2014 has seen confidence in renewables investment soar. More and more farmers have taken the plunge and invested in wind, solar and other technologies, or offered leases to developers.

On-farm energy generation has really been taken off now and it’s a trend that is forecast to continue in the New Year.

Victoria Lancaster

Victoria Lancaster

H&H Land and Property’s Renewable Energy expert, Victoria Lancaster, has seen a flurry of activity in the sector in the last 12 months as renewable technologies become mainstream. Her clients across northern England and southern Scotland include both farmers keen to begin generating their own energy and landowners approached by alternative power companies seeking sites for their equipment and offering good rental options.
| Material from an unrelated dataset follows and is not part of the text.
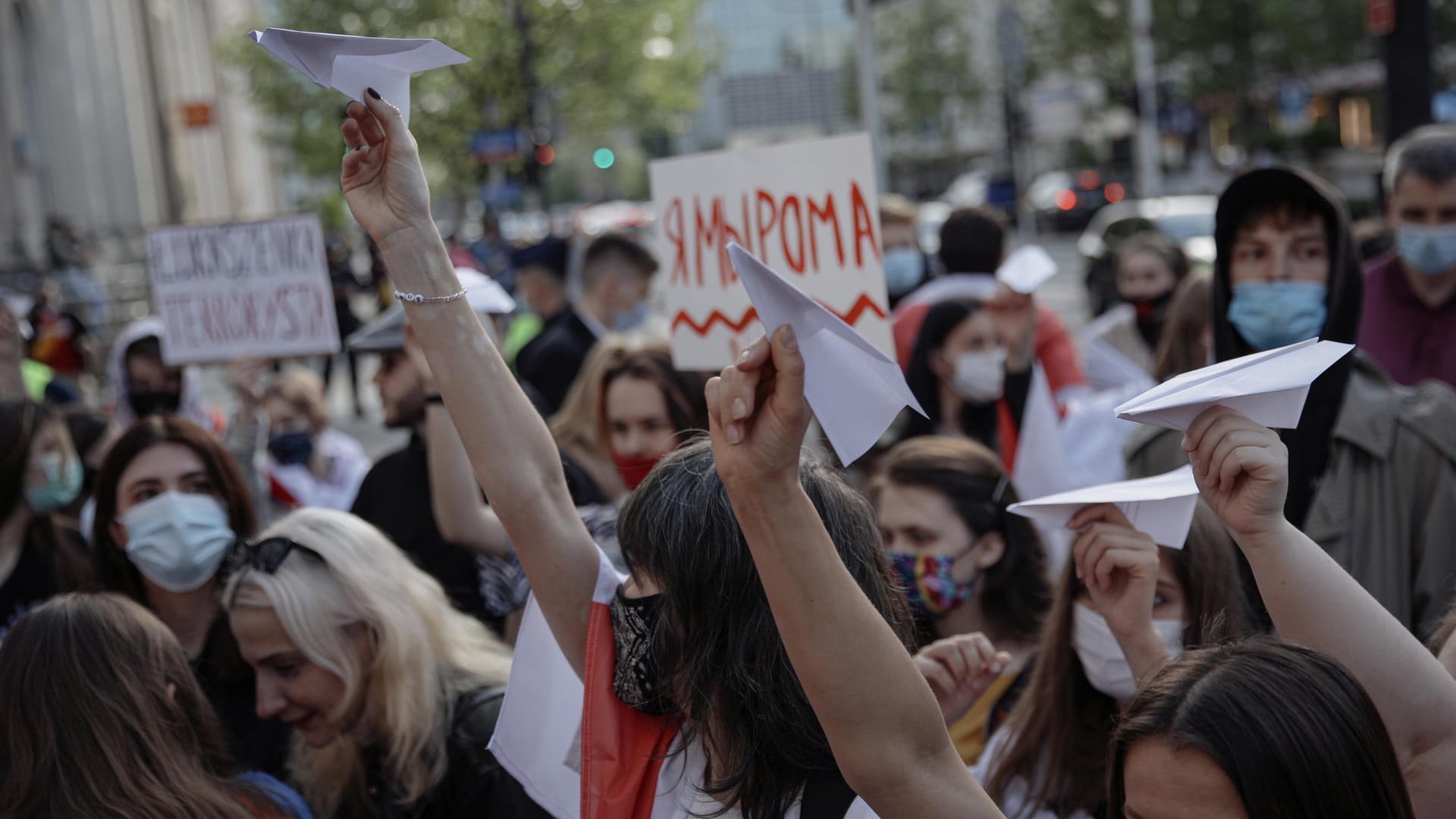 Warschau in Polen: Menschen protestieren gegen die Festnahme des Oppositionellen Roman Protassewitsch an Bord eines Linienflugzeuges. Warschau in Polen: Menschen protestieren gegen die Festnahme des Oppositionellen Roman Protassewitsch an Bord eines Linienflugzeuges.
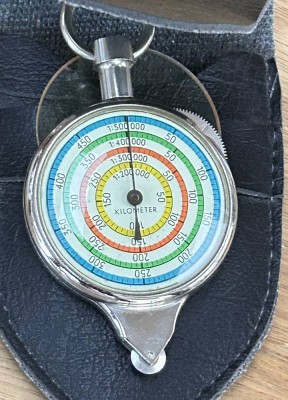 Auktion 360<br>Entfernungsmesser in orig. Lederhülle, H-7,7 cm [1]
Victoria said: “In 2015, we are expecting renewables to really come of age, and there are opportunities for both farmers and landowners in the sector.

“This year, we’re seen the first appearance of solar farm developers in the north of England, which has led to a rush for 25 acre sites. This trend is set to continue into 2015 so low-grade land near substations is hot property.

“We’re also predicting that farm scale solar trackers will be big news in 2015. They provide at least 30% more output than conventional solar systems, they are easy to fit and only need an acre of land while offering a very attractive return on investment. They’re a good choice for businesses using a lot of electricity, such as dairies and indoor pig units.”

Farm-scale combined heat and power plants (CHPs) are also set to play a major part in the renewables market in the New Year. This technology uses waste products, such as broiler poultry bedding, to produce energy. Units of 250kW are easy to install and are particularly good choices not only for broiler units but for racing stables, commercial MDF producers and others who have waste wood products.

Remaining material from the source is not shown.